• Recorded data:
++++++++++

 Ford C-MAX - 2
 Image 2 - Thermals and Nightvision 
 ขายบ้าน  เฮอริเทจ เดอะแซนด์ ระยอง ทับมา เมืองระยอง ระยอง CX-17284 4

++++++++++

• Activity: All of the material is to be copied word for word.

• Written solution:
 Ford C-MAX - 2
 Image 2 - Thermals and Nightvision 
 ขายบ้าน  เฮอริเทจ เดอะแซนด์ ระยอง ทับมา เมืองระยอง ระยอง CX-17284 4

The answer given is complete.